Re: [PATCH] drm/amdgpu: guard ib scheduling while in reset

"S, Shirish" <sshankar@xxxxxxx> · Wed, 30 Oct 2019 08:44:30 +0000

On 10/25/2019 9:32 PM, Grodzovsky, Andrey wrote:






On 10/25/19 11:57 AM, Koenig, Christian wrote:



Am 25.10.19 um 17:35 schrieb Grodzovsky, Andrey:






On 10/25/19 5:26 AM, Koenig, Christian wrote:



Am 25.10.19 um 11:22 schrieb S, Shirish:






On 10/25/2019 2:23 PM, Koenig, Christian wrote:





amdgpu_do_asic_reset starting to resume blocks


...


amdgpu 0000:03:00.0: couldn't schedule ib on ring <sdma0>

[drm:amdgpu_job_run] *ERROR* Error scheduling IBs (-22)

...
amdgpu_device_ip_resume_phase2 resumed gfx_v9_0


amdgpu_device_ip_resume_phase2 resumed sdma_v4_0
amdgpu_device_ip_resume_phase2 resumed powerplay


This is what's the root of the problem.



The scheduler should never be resumed before we are done with bringing back the hardware into an usable state.

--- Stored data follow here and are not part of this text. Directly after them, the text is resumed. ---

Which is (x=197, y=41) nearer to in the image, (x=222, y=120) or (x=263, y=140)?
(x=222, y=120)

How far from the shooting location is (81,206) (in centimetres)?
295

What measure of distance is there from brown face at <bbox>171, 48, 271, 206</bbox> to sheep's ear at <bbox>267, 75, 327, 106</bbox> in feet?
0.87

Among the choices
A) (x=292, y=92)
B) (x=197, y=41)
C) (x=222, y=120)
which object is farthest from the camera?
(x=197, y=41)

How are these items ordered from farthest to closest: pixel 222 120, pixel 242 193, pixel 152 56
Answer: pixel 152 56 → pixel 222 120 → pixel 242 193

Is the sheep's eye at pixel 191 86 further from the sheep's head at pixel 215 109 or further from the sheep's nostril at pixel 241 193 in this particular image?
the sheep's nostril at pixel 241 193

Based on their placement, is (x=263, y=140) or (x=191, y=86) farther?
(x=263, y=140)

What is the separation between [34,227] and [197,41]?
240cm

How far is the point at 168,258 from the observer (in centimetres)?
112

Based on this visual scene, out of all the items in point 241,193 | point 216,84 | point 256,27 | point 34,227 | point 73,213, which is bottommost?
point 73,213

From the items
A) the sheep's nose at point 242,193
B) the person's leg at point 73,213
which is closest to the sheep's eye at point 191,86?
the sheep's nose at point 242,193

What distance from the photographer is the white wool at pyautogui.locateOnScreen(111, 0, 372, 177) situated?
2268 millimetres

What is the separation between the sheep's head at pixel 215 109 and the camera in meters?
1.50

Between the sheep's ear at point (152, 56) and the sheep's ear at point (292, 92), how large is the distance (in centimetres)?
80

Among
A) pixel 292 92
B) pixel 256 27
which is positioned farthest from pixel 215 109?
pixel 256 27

I dont see the scheduler being resumed when the ib is scheduled, its done way after the hardware is ready in reset code path.


Below are the logs:
amdgpu 0000:03:00.0: GPU reset begin!

amdgpu_device_gpu_recover calling drm_sched_stop             <==

...

amdgpu 0000:03:00.0: couldn't schedule ib on ring <sdma0>

[drm:amdgpu_job_run] *ERROR* Error scheduling IBs (-22)

...

amdgpu_device_ip_resume_phase2 resumed sdma_v4_0

amdgpu_device_ip_resume_phase2 resumed powerplay

amdgpu_device_ip_resume_phase2 resumed dm

...

[drm] recover vram bo from shadow done

amdgpu_device_gpu_recover calling  drm_sched_start         <==

...
As mentioned in the call trace, drm_sched_main() is responsible for this job_run which seems to be called during cleanup.



Then the scheduler isn't stopped for some reason and we need to investigate why.

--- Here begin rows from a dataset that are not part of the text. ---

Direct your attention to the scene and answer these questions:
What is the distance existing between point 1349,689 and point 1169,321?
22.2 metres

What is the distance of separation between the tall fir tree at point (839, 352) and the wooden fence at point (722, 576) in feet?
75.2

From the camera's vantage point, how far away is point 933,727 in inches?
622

We used to have another kthread_park()/unpark() in drm_sched_entity_fini(), maybe an application is crashing while we are trying to reset the GPU?





We still have it and isn't doing kthread_park()/unpark() from drm_sched_entity_fini while GPU reset in progress defeats all the purpose of drm_sched_stop->kthread_park ? If drm_sched_entity_fini-> kthread_unpark happens AFTER drm_sched_stop->kthread_park
 nothing prevents from another (third) thread keep submitting job to HW which will be picked up by the unparked scheduler thread try to submit to HW but fail because the HW ring is deactivated.



If so maybe we should serialize calls to kthread_park/unpark(sched->thread) ?





Yeah, that was my thinking as well. Probably best to just grab the reset lock before calling drm_sched_entity_fini().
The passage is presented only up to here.